Everything from the line holding "Grumpy Cat Ho" through the last line of the records should be repeated word for word, and pictures should be omitted.

• _Record extracts_:

═══

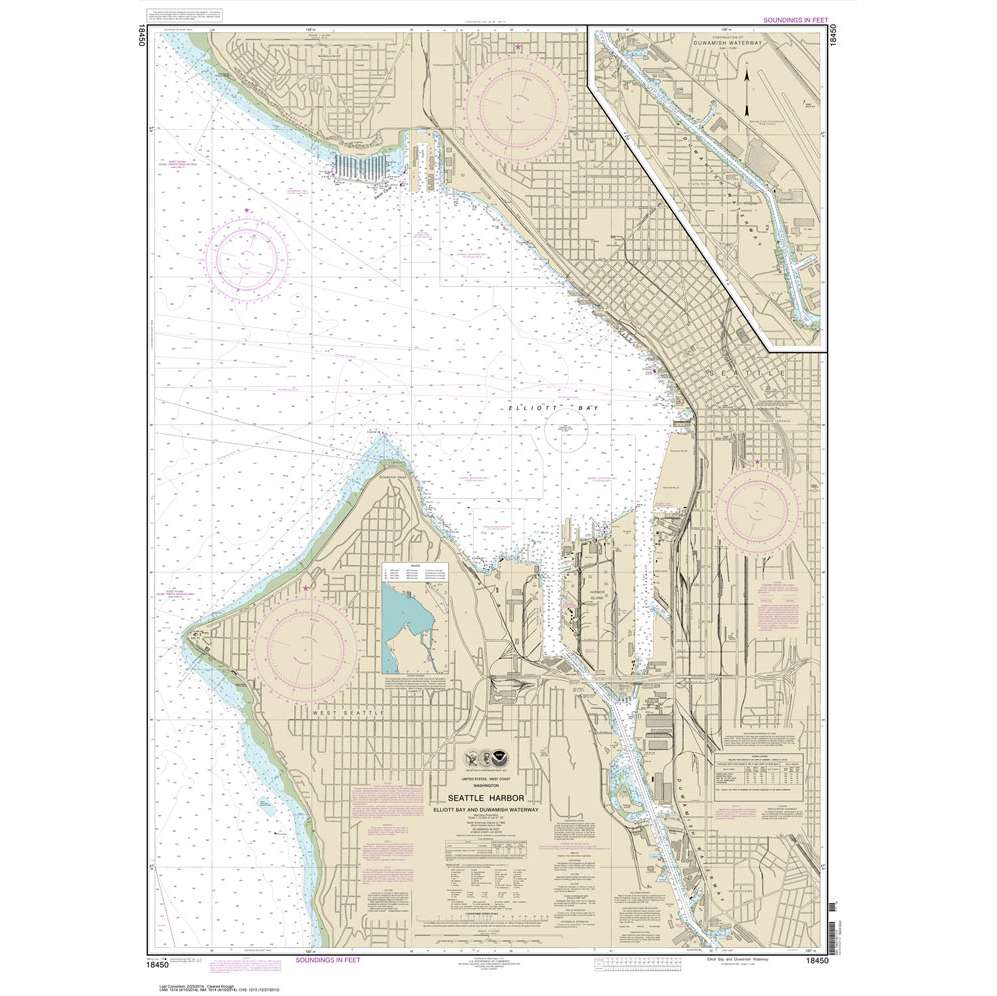 NOAA Chart 18450: Seattle Harbor: Elliott Bay and Duwamish Waterway ...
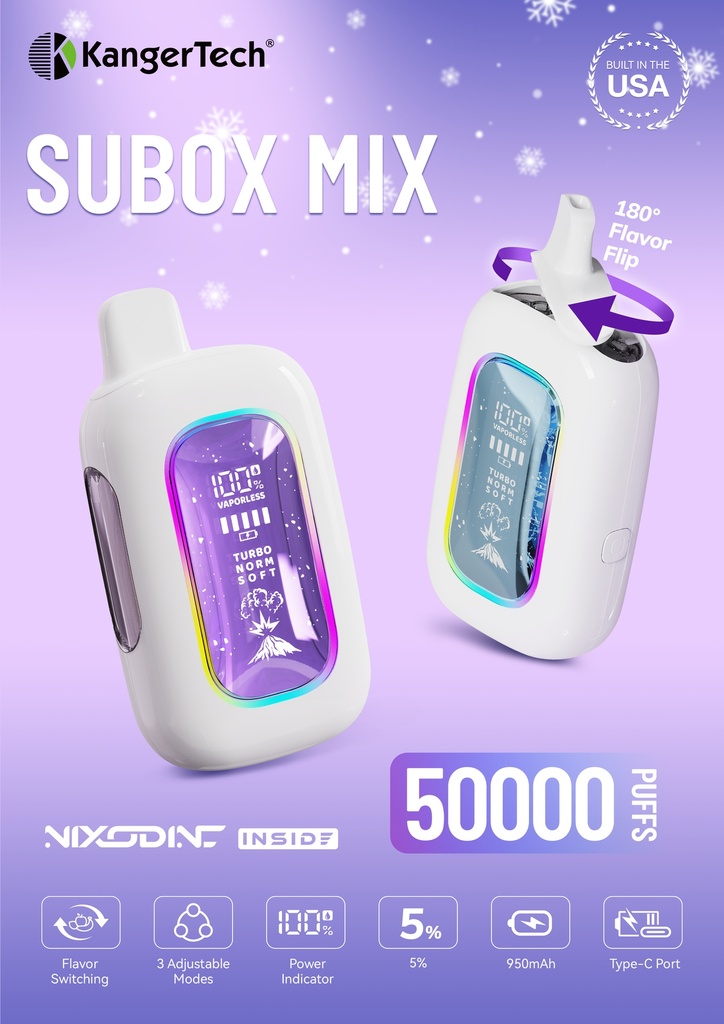 KANGERTECH – DISPOSABLE VAPE – SUBOX MIX – 50,000 PUFFS – NIXODINE EDITION – 15 FLAVORS – 1CT – [MSRP: $00.00]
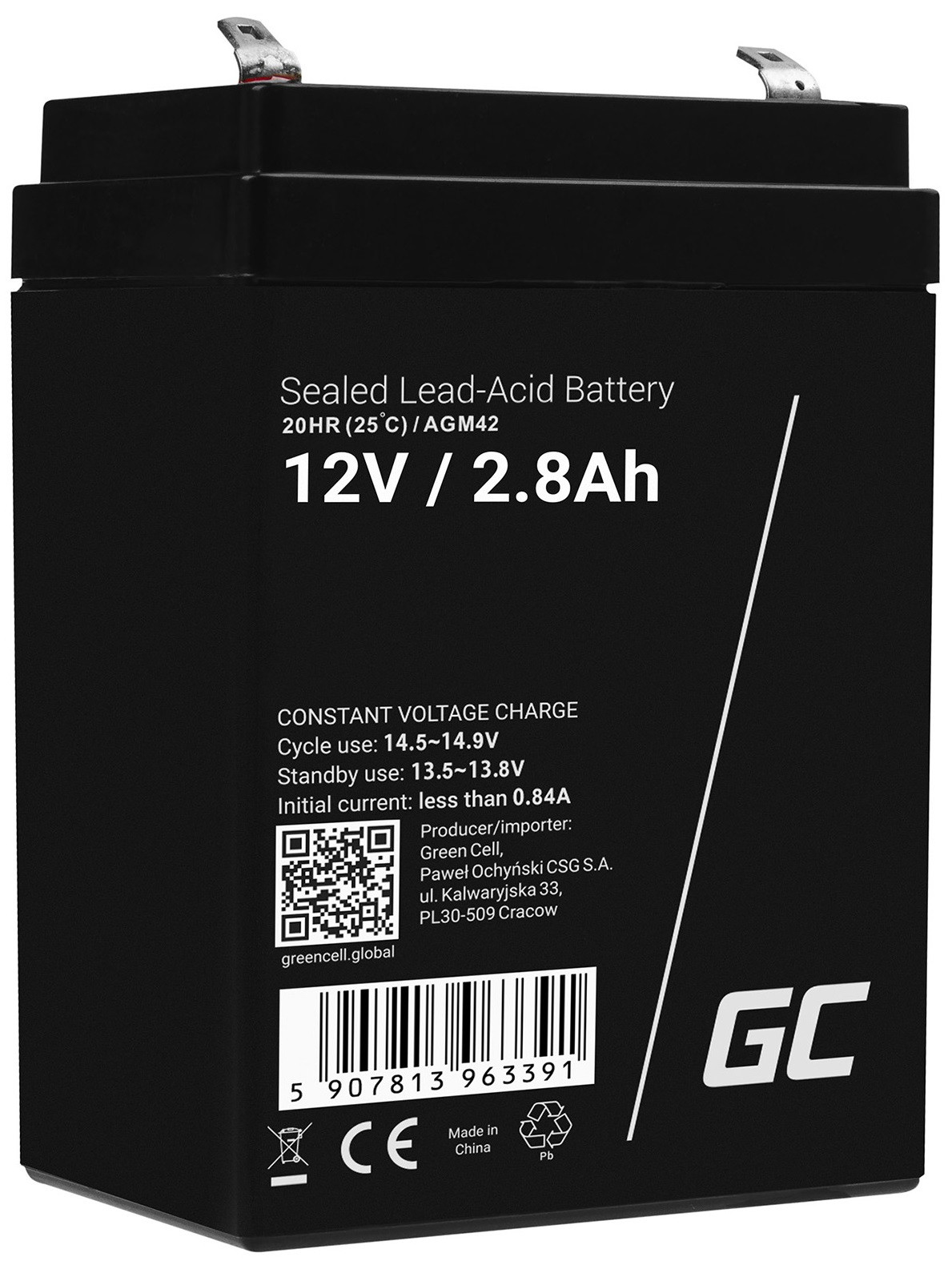 Green Cell AGM baterie 12V 2.8Ah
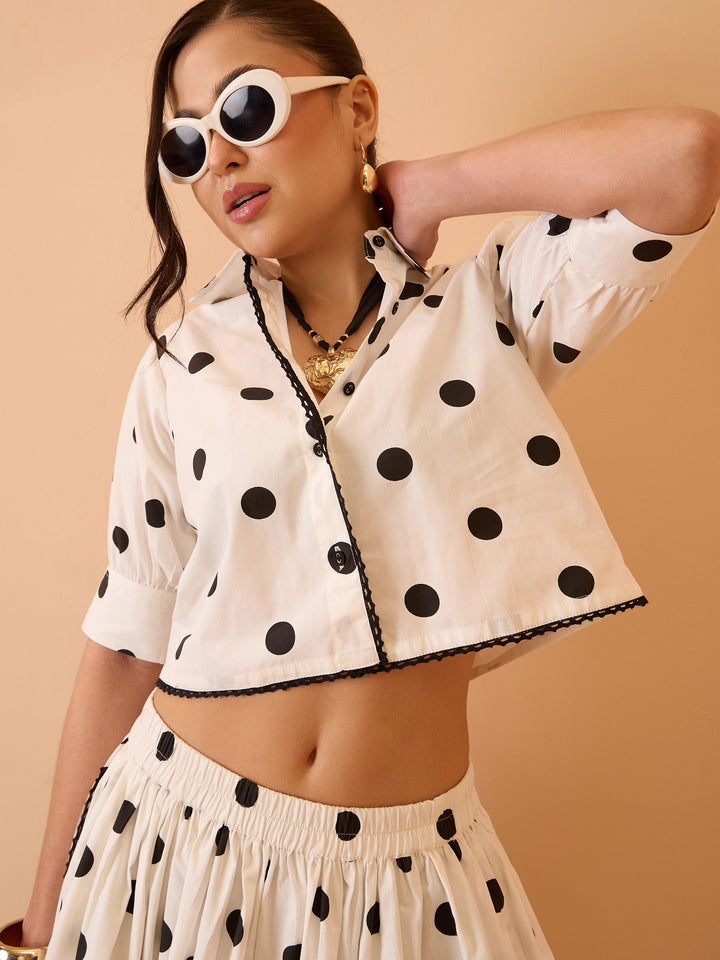 Women White &amp; Black Big Polka Dot Shirt With Skirt
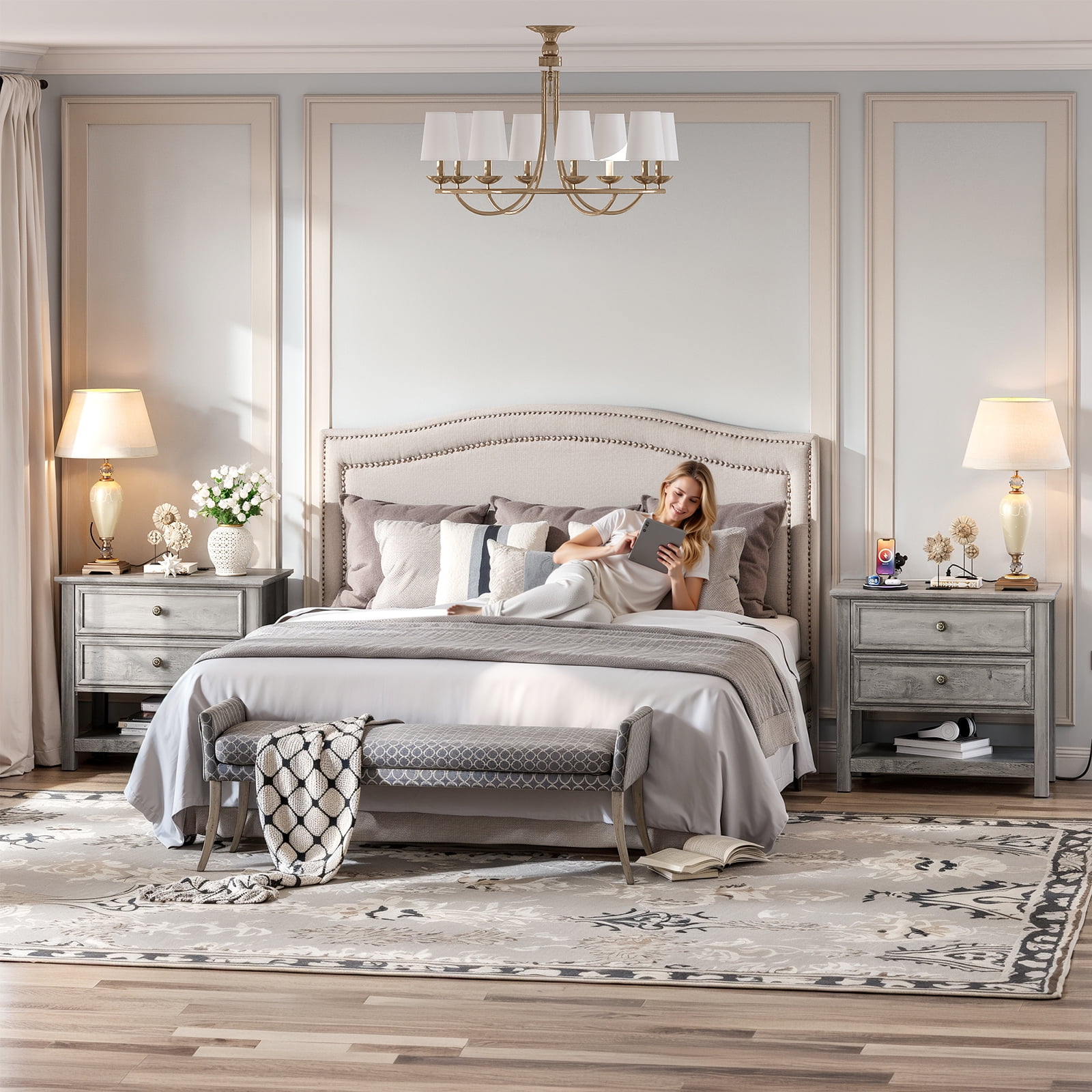 Holliwill 26.7" Wide Nightstand with Charging Station, Farmhouse Nightstands with 2 Drawers and Open Storage, End Table Bedside Table for Bedroom Living Room, Gray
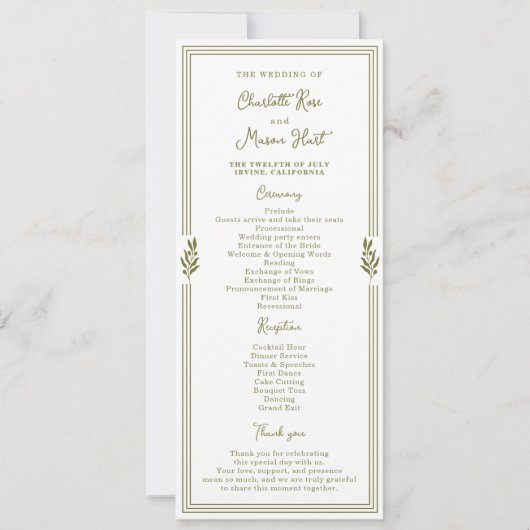 Olive Green Elegant Wedding Program Card 招待状 (正面)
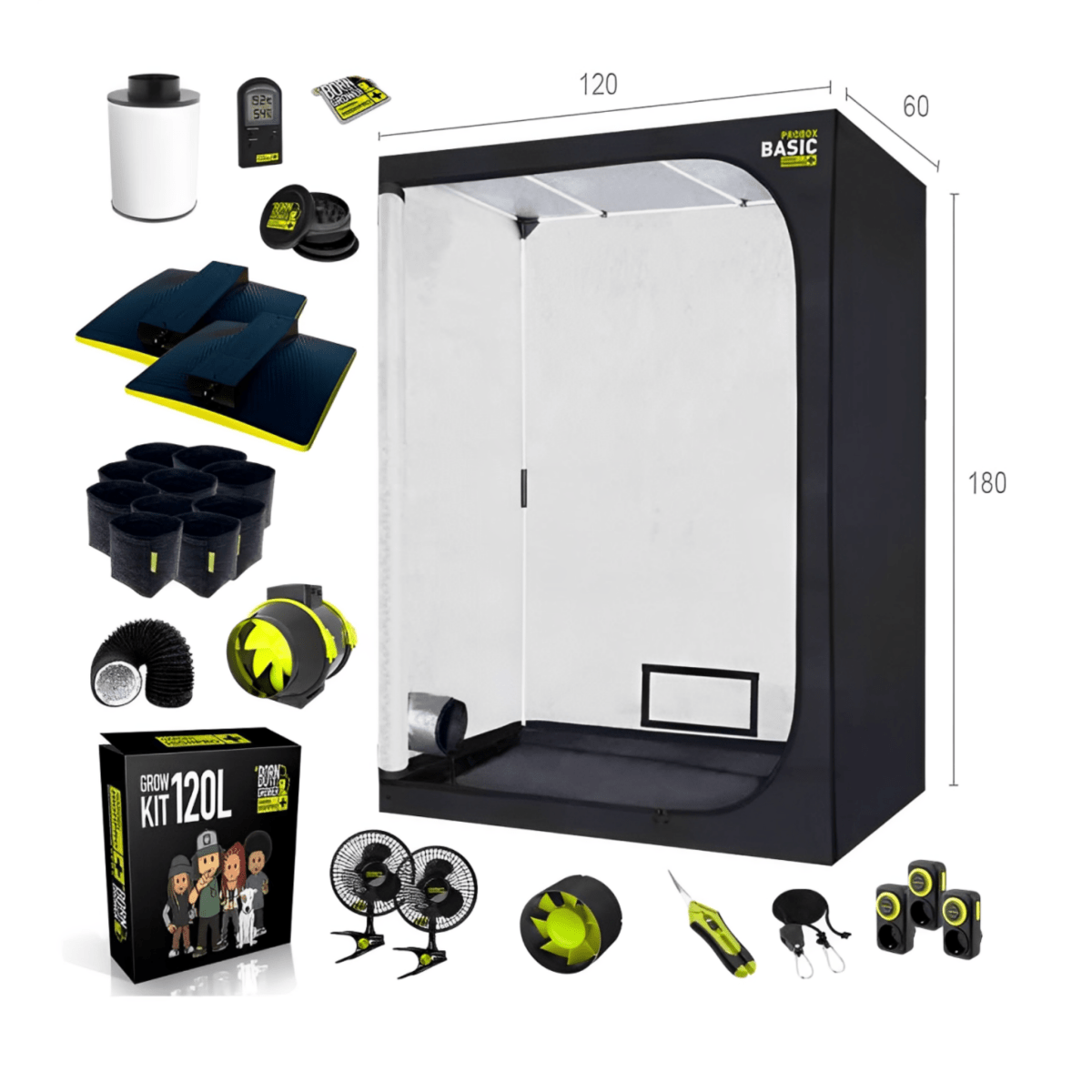 Growbox Komplettset 120x60 Growshop - Hanfify®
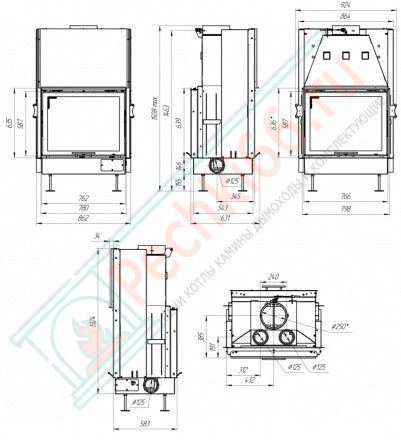 Топка ВЕГА 800 TB туннельная черный шамот (Экокамин)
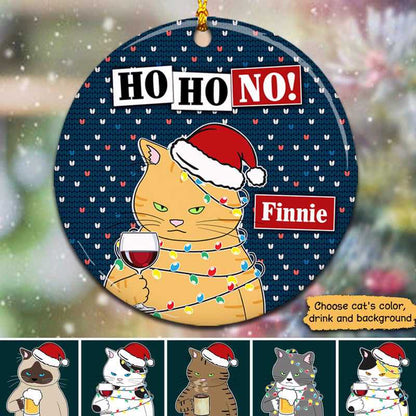 Grumpy Cat Ho Ho No Christmas Pattern Personalized Circle Ornament - Best gifts your whole family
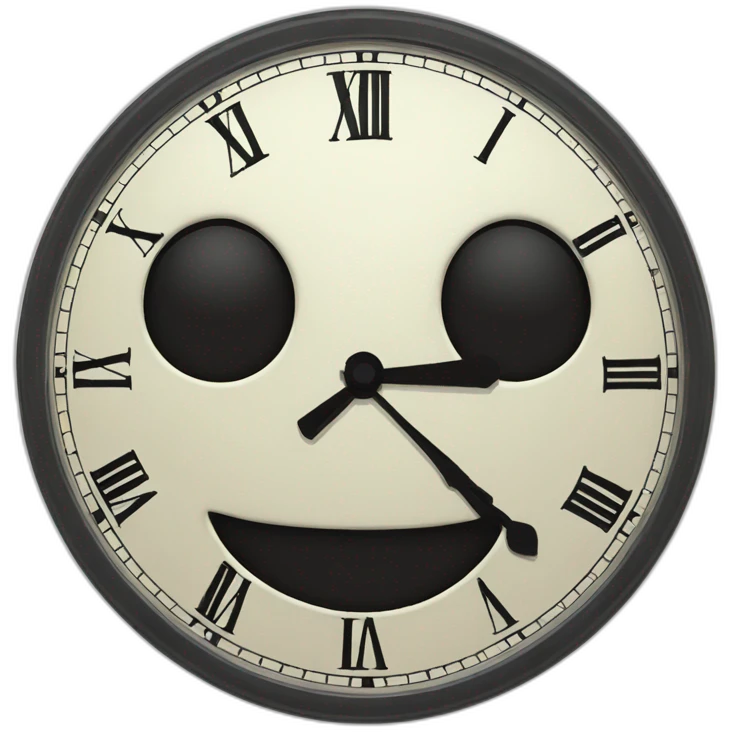 distorted clock, creepy looking, simple emoji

═══

• _Exercise solution_:
 Grumpy Cat Ho Ho No Christmas Pattern Personalized Circle Ornament - Best gifts your whole family
 distorted clock, creepy looking, simple emoji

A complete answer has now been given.